Provided records START

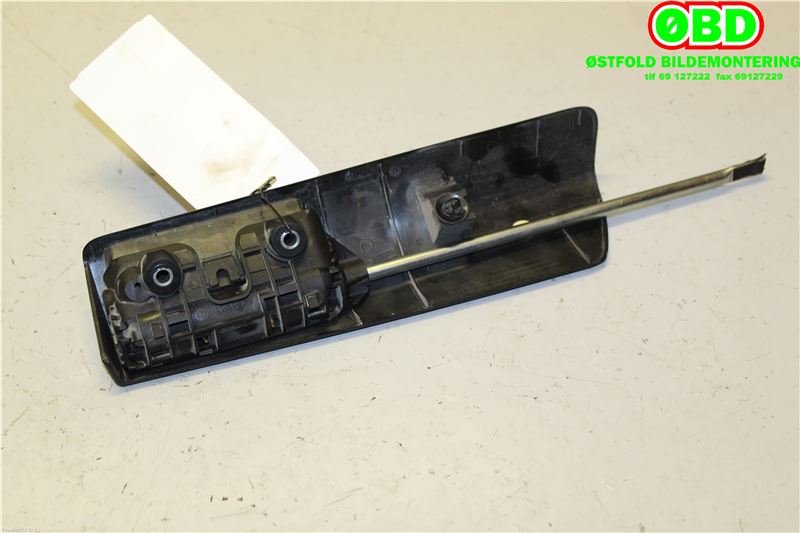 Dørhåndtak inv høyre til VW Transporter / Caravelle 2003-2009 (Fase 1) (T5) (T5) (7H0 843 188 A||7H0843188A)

Provided records END
Provided records START

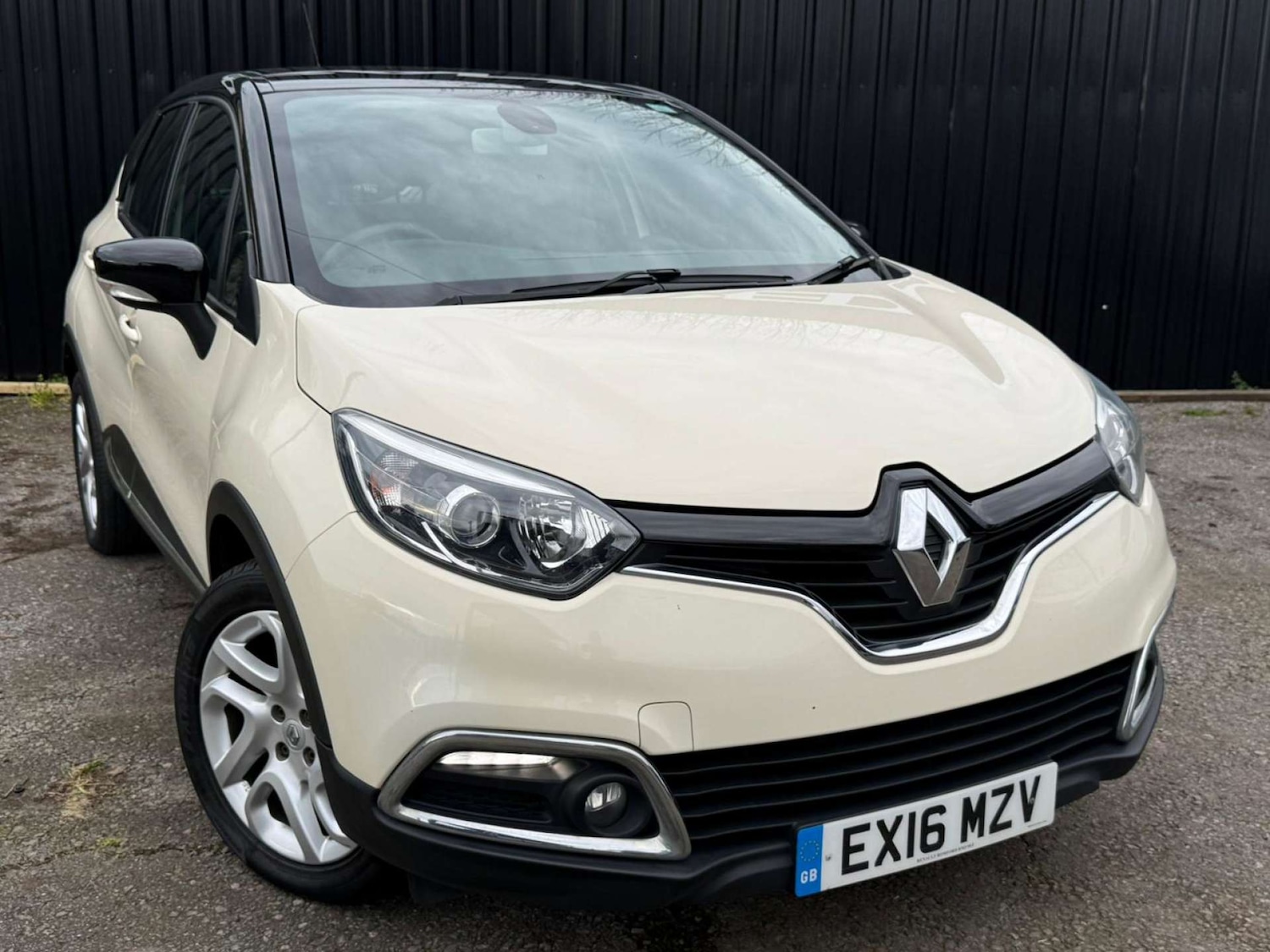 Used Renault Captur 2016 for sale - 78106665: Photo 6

Provided records END
Provided records START

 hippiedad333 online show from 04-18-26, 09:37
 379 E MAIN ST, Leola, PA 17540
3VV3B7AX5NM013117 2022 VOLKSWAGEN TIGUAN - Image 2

Provided records END

§ Your task
Set down precisely the lines above between the line holding "hippiedad333 online show" and the line holding "3VV3B7AX5NM013117 2022 VOLKSWAGEN", inclusive, and nothing beyond them.

§ Task response
 hippiedad333 online show from 04-18-26, 09:37
 379 E MAIN ST, Leola, PA 17540
3VV3B7AX5NM013117 2022 VOLKSWAGEN TIGUAN - Image 2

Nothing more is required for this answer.